▸ Required action: Starting with the line that contains "Efficient kitchen featuring" and ending with the last line of the listing, print each line exactly. Pictures stay out.

▸ Information provided:
= = = = =

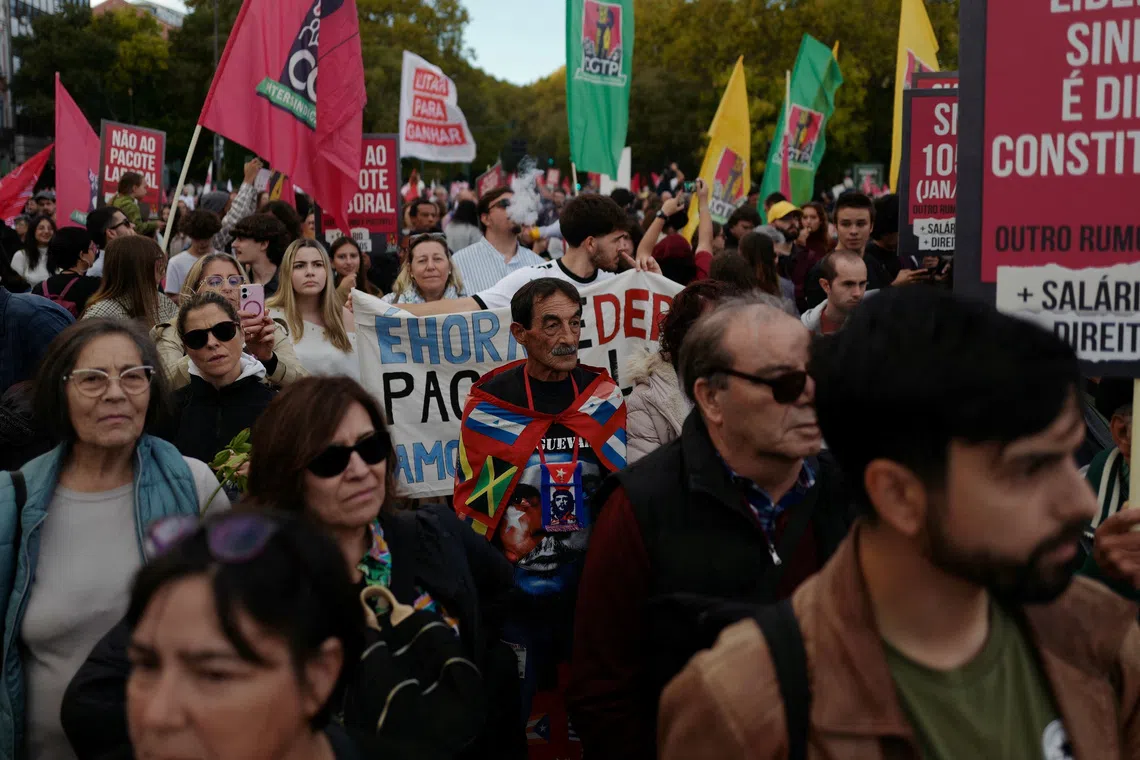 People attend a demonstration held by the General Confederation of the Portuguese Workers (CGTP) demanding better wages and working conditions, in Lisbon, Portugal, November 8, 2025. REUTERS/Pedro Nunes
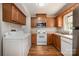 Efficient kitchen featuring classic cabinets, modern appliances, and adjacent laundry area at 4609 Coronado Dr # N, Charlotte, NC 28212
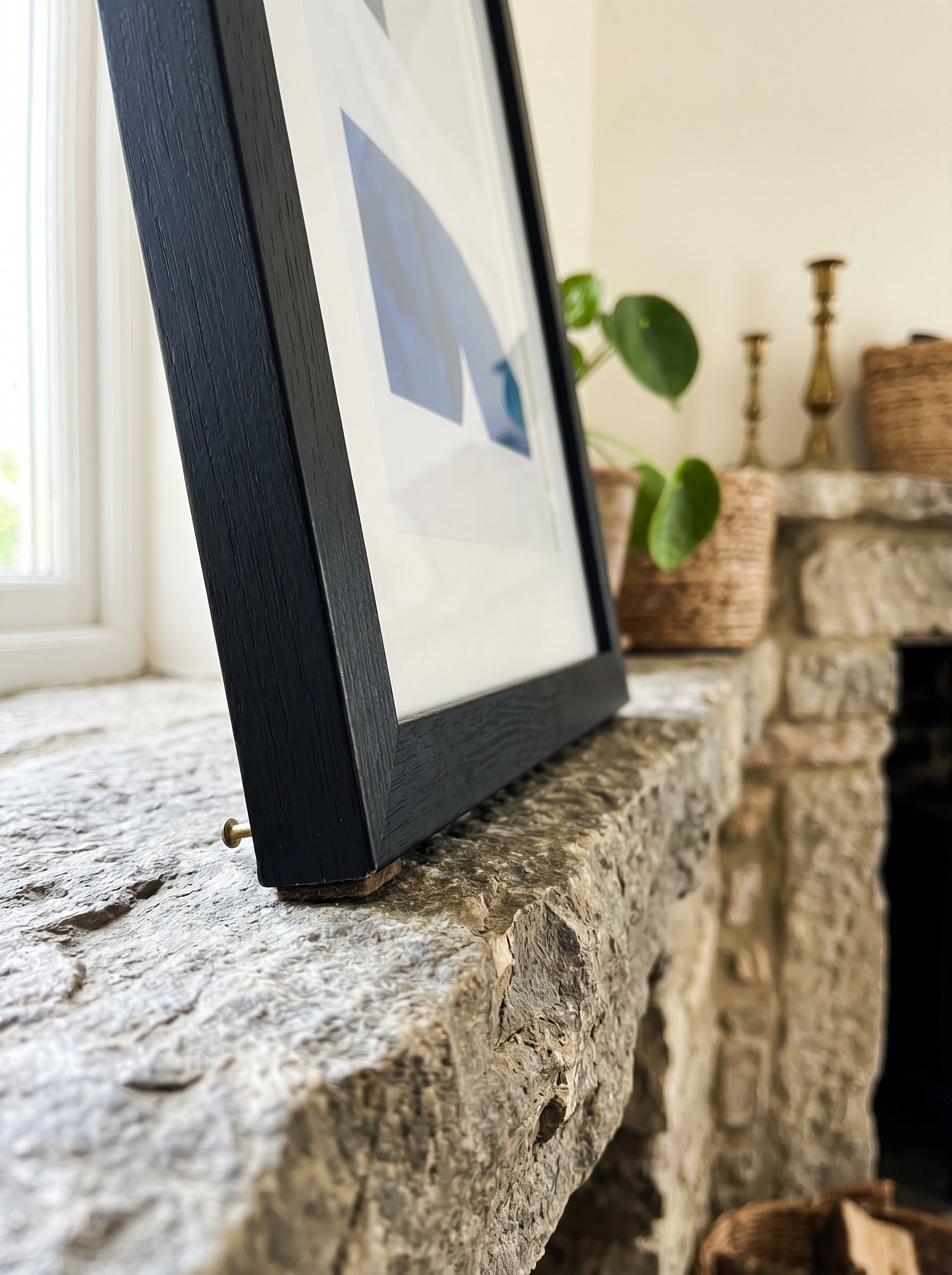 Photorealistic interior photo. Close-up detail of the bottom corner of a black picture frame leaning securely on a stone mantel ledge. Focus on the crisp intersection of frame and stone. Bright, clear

= = = = =

▸ Task answer:
 Efficient kitchen featuring classic cabinets, modern appliances, and adjacent laundry area at 4609 Coronado Dr # N, Charlotte, NC 28212
 Photorealistic interior photo. Close-up detail of the bottom corner of a black picture frame leaning securely on a stone mantel ledge. Focus on the crisp intersection of frame and stone. Bright, clear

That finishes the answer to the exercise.